A mídia e as instituições envolvidas na apuração de casos criminais criaram uma peculiar sinergia capaz de promover objetivos comuns. As empresas de comunicação precisam vender um produto e os casos criminais, notadamente quando organizados sob a roupagem estereotipada de grandes escândalos, têm despertado enorme interesse nos consumidores. A polícia e o Ministério Público – e, eventual e surpreendentemente, o próprio Poder Judiciário – angariam apoio difuso precisamente por contarem com a simpatia da população pelo trabalho purificador de combate ao crime5. Não há dúvida de que o fortíssimo apoio difuso da população ao Ministério Público foi o combustível utilizado pelas forças políticas para rejeitar a proposta de emenda à Constituição que propunha afastar dessa instituição o poder de investigação criminal. Também é certo que esse amplo apoio popular encorajou o Ministério Público Federal a encampar uma campanha midiática dirigida à modificação da legislação brasileira com o objetivo de endurecer o tratamento criminal da corrupção6. A polícia federal utiliza esse capital político alcançado pelo apoio popular para a postulação no Congresso de mais prerrogativas para suas carreiras. Nesse arranjo sinérgico entre mídia e instituições encarregadas da apuração de casos criminais todos parecem ganhar: as empresas de comunicação lucram, as instituições ganham apoio popular e todas elas reforçam as chances de confirmação judicial das suas versões, já que o consistente convencimento da população da veracidade das acusações gera um clima de grave desconfiança em relação ao juiz que, contrariando todas as expectativas, decide qualquer questões em favor do investigado ou do réu. Falta considerar nessa equação o próprio investigado ou réu e o respeito aos seus direitos e garantias fundamentais.

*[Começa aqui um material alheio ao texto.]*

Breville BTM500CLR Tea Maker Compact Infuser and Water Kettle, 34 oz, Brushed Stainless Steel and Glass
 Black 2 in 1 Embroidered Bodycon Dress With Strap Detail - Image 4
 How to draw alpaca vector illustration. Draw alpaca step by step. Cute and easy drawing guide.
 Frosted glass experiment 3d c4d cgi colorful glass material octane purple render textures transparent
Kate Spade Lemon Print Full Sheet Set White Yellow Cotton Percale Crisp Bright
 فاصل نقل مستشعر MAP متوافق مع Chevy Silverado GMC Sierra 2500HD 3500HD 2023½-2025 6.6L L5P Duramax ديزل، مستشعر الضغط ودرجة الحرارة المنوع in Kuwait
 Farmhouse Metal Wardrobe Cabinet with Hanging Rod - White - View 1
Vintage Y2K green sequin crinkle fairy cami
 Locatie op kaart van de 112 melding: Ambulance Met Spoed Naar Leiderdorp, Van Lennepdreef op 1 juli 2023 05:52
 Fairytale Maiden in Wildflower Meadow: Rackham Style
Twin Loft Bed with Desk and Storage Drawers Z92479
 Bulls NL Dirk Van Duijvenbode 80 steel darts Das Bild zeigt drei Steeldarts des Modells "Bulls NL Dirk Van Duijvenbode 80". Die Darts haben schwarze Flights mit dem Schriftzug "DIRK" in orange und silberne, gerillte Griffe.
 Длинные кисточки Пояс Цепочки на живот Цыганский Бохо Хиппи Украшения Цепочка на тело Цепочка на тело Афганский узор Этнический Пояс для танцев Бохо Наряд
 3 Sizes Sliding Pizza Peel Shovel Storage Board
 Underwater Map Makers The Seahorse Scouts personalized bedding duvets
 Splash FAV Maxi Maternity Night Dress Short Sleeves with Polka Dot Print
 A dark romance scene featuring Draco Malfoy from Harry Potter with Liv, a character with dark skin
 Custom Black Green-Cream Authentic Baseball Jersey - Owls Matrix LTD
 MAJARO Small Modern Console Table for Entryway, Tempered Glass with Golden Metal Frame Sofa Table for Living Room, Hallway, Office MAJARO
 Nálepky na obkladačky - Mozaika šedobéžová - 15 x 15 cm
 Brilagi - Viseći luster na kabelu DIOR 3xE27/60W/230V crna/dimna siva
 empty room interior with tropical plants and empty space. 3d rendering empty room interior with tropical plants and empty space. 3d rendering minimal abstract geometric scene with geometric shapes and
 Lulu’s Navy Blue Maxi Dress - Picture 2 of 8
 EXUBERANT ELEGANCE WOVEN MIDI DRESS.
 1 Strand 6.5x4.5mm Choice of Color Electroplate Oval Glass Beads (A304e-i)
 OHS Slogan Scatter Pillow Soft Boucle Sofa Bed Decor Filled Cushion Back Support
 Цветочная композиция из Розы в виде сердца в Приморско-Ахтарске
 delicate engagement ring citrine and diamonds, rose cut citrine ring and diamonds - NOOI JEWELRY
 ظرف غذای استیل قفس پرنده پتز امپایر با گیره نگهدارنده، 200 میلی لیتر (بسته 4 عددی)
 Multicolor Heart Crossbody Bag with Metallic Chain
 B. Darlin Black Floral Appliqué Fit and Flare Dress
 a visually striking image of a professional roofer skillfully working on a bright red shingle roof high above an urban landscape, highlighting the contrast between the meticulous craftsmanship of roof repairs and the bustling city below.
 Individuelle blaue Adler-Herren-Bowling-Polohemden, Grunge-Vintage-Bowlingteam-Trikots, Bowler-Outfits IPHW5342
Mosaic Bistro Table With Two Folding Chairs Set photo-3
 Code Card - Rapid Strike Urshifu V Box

5 Importante aplicação do conceito de apoio difuso à influência da opinião pública sobre as Supremas Cortes ver FRIEDMAN, Barry. The will of the people: how public opinion has influenced the supreme court and shaped the meaning of the Constitution. New York: Farrar, Strauss and Giroux, 2009. 6 Também a esse propósito o MPF criou um sítio eletrônico voltado a angariar apoio popular às chamadas 10 medidas anticorrupção: http://www.dezmedidas.mpf.mp.br.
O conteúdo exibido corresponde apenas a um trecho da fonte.